Introduction 

This model is similar to Boosted Regression Trees only run through a different package in R. 

These models are a combination of two techniques: decision tree algorithms and boosting methods. Generalized Boosting Models repeatedly fit many decision trees to improve the accuracy of the model. For each new tree in the model, a random subset of all the data is selected using the boosting method. For each new tree in the model, the input data are weighted in such a way that data that was poorly modelled by previous trees has a higher probability of being selected in the new tree. This means that after the first tree is fitted the model will take into account the error in the prediction of that tree to fit the next tree, and so on. By taking into account the fit of previous trees that are built, the model continuously tries to improve its accuracy. This sequential approach is unique to boosting. 

Generalized Boosting Models have two important parameters that need to be specified by the user. 

  • Interaction depth (= tree complexity in BRT): this controls the number of splits in each tree. A value of 1 results in trees with only 1 split, and this means that the model does not take into account interactions between environmental variables. A value of 2 results in two splits, etc. 
  • Shrinkage (= learning rate in BRT): this determines the contribution of each tree to the growing model. As small shrinkage value results in many trees to be built. 

 
 

These two parameters together determine the number of trees that is required for optimal prediction. The aim is to find the combination of parameters that results in the minimum error for predictions and a model with at least 1000 trees. The optimal values for these parameters depend on the size of your dataset.

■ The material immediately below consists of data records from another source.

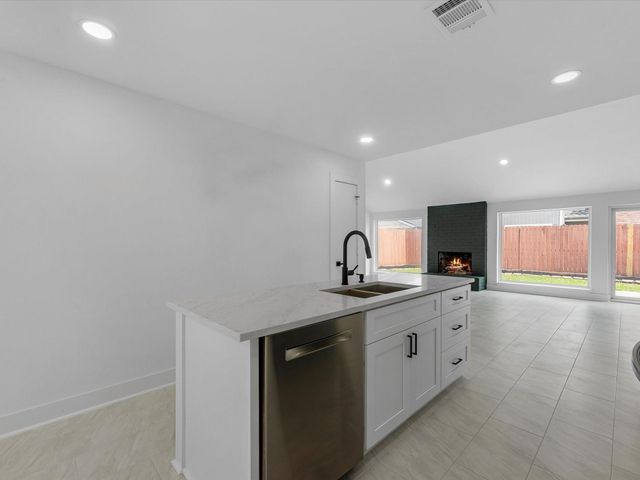 2231 Round Lake Drive, Houston, TX 77077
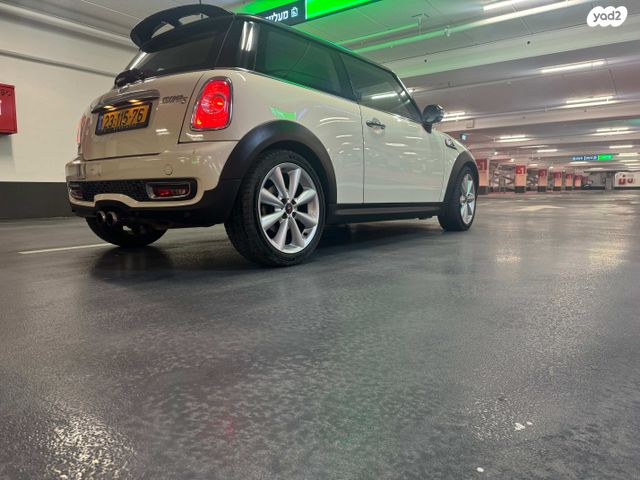מודעת רכב מיני קופר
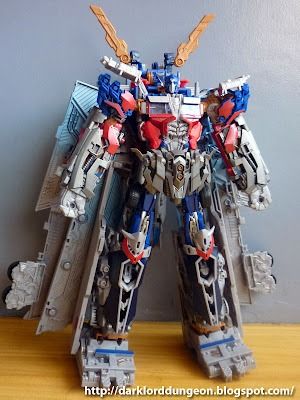 transformers dark of the moon mechtech leader ultimate optimus prime action figure รูปที่ 3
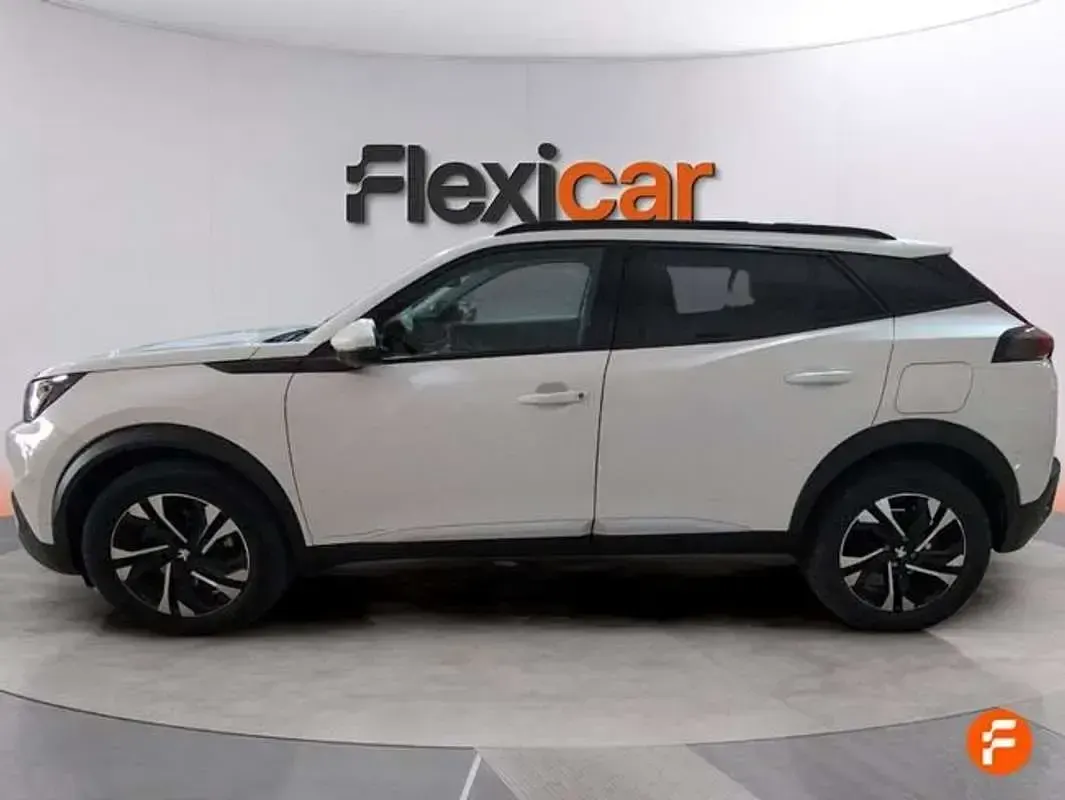 Occasion Peugeot 2008 Allure 131 PK (96 kW) 2021 Wit SUV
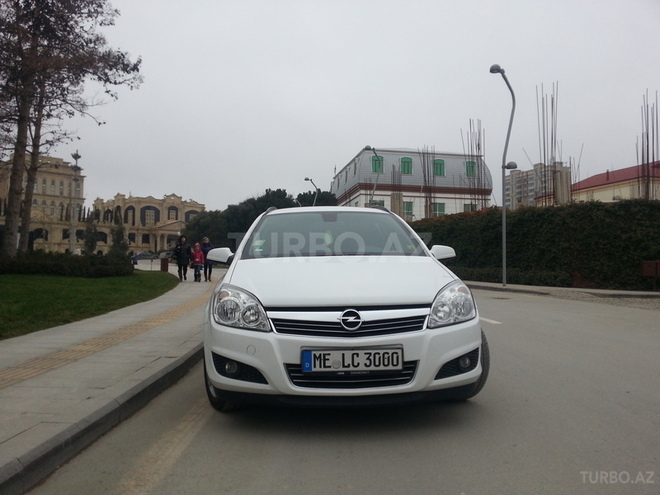 Opel Astra 2009, 175,000 km - 1.9 l - Bakı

For datasets with <500 occurrence points, it is best to model simple trees (interaction depth = 2 or 3) with small enough shrinkage rates to allow the model to grow at least 1000 trees. 

Generalized Boosting Models are a powerful algorithm and work very well with large datasets or when you have a large number of environmental variables compared to the number of observations, and they are very robust to missing values and outliers. 

 
 

Advantages 

  • Can be used with a variety of response types (binomial, gaussian, poisson) 
  • Stochastic, which improves predictive performance 
  • The best fit is automatically detected by the algorithm 
  • Model represents the effect of each predictor after accounting for the effects of other predictors 
  • Robust to missing values and outliers 
     

Limitations 

  • Need at least 2 predictor variables to run 

 
 

Assumptions 

No formal distributional assumptions, generalized boosting models are non-parametric and can thus handle skewed and multi-modal data as well as categorical data that are ordinal or non-ordinal. 

 
 

Requires absence data 

Yes. 

 
Configuration options  

EcoCommons allows the user to set model arguments as specified below. 

random_seed  

Seed used for generating random values. Using the same seed value, i.e. 123, ensures that running the same model, with the same data and settings generates the same result, despite stochastic processes such as machine learning or cross-validation. 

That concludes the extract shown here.